INFORMATION SHOWN Block Start

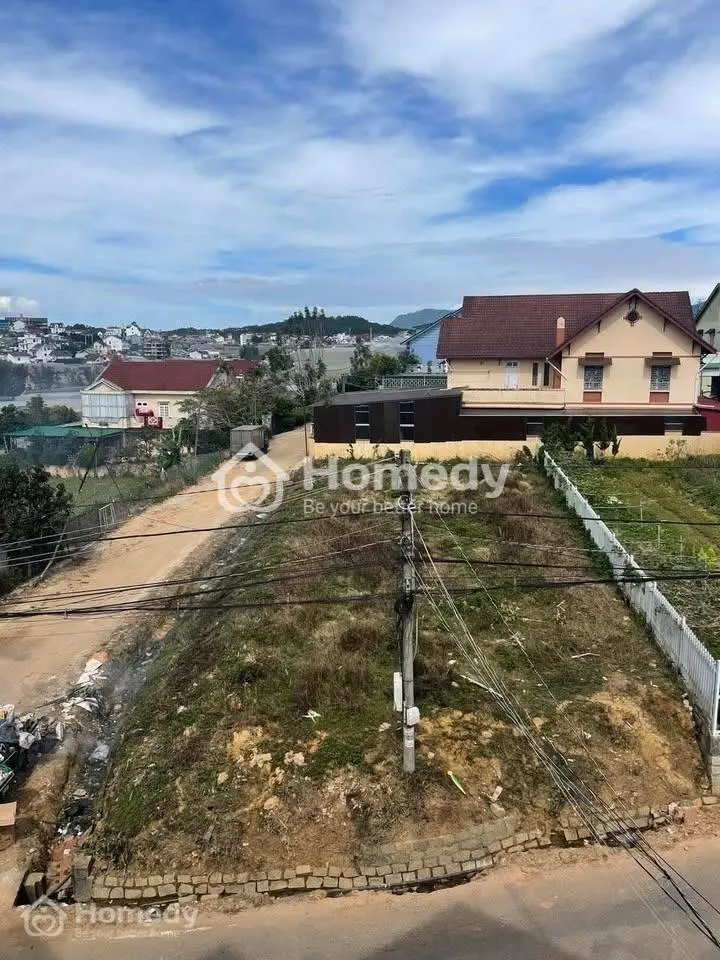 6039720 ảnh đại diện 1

INFORMATION SHOWN Block End
INFORMATION SHOWN Block Start

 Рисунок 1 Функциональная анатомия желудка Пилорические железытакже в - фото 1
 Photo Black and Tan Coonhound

INFORMATION SHOWN Block End
INFORMATION SHOWN Block Start

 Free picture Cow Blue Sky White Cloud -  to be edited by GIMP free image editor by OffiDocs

INFORMATION SHOWN Block End

• **WORK INSTRUCTIONS**
One stretch of the lines above is wanted, from the line that contains "Рисунок 1 Функциональная" through the line that contains "Photo Black and Tan Coonhound". Output it exactly.

• **SOLVED EXERCISE**
 Рисунок 1 Функциональная анатомия желудка Пилорические железытакже в - фото 1
 Photo Black and Tan Coonhound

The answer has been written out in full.